* _Record excerpts_
▬▬▬▬▬▬▬▬▬▬

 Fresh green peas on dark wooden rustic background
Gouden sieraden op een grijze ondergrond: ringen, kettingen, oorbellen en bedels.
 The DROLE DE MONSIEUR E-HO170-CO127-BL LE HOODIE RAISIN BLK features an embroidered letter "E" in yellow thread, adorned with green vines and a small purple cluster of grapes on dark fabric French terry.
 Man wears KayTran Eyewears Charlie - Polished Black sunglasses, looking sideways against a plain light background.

▬▬▬▬▬▬▬▬▬▬

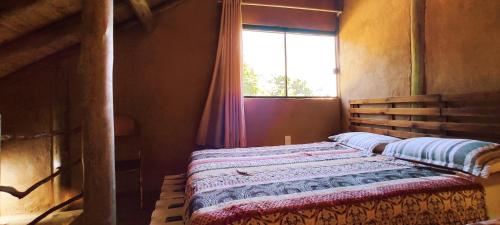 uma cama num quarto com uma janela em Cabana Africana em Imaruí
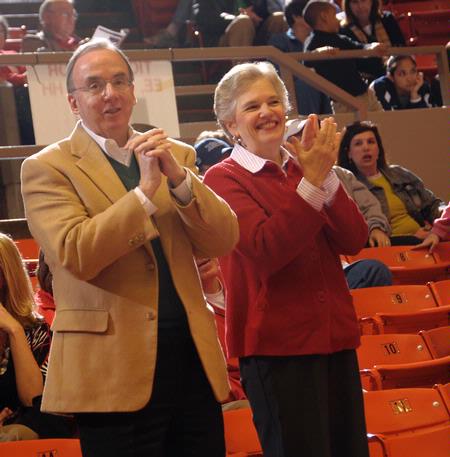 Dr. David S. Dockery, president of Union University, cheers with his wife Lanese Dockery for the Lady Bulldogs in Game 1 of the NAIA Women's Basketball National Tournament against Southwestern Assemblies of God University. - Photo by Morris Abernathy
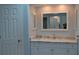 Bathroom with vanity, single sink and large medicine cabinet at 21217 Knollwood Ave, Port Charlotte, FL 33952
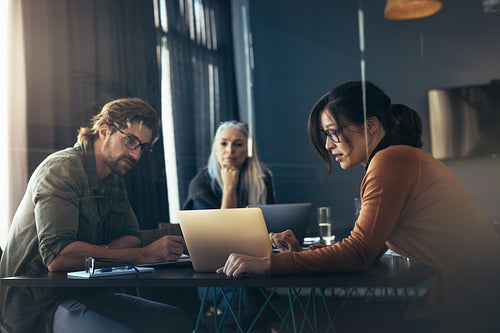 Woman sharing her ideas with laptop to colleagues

▬▬▬▬▬▬▬▬▬▬

* _About this exercise_
Each line in the listing above that includes the word "dark" needs to be copied out.

* _Task result_
 Fresh green peas on dark wooden rustic background
 The DROLE DE MONSIEUR E-HO170-CO127-BL LE HOODIE RAISIN BLK features an embroidered letter "E" in yellow thread, adorned with green vines and a small purple cluster of grapes on dark fabric French terry.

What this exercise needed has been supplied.